§ To do
Exactly as written, return the entries below, minus any pictures.

[Exercise materials Boundary: Start]

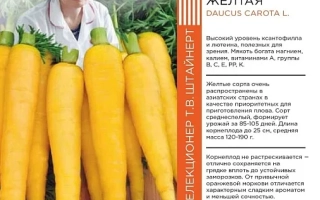 Чурчхела Желтая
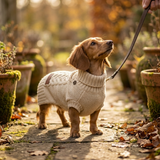 Croci Homy Celtic Hundepullover Warm & Stilvoll mit Leinenführung | Creme 25cm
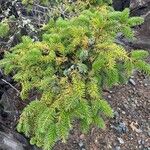 Picea jezoensis Лист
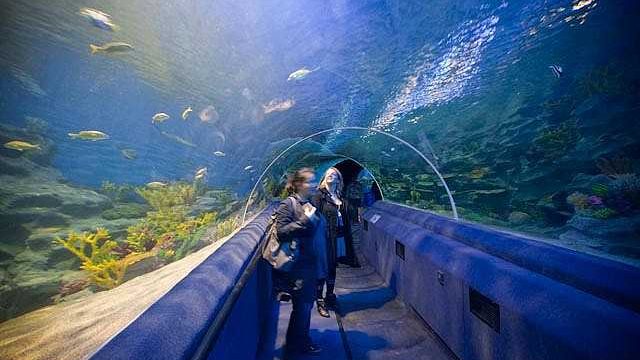 Аквариум TurkuaZoo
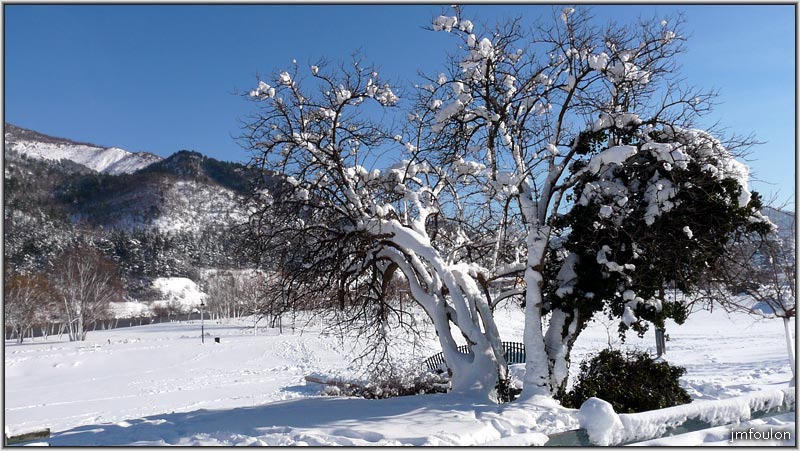 neige-11-1-2010-07.jpg - Arbres au Plan d'Eau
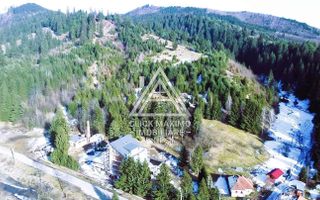 Teren 8 ha cu 15 izvoare minerale, lângă Câmpulung Argeș - Poză 12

[Exercise materials Boundary: End]

§ Output for this exercise
 Чурчхела Желтая
 Croci Homy Celtic Hundepullover Warm & Stilvoll mit Leinenführung | Creme 25cm
 Picea jezoensis Лист
 Аквариум TurkuaZoo
 neige-11-1-2010-07.jpg - Arbres au Plan d'Eau
 Teren 8 ha cu 15 izvoare minerale, lângă Câmpulung Argeș - Poză 12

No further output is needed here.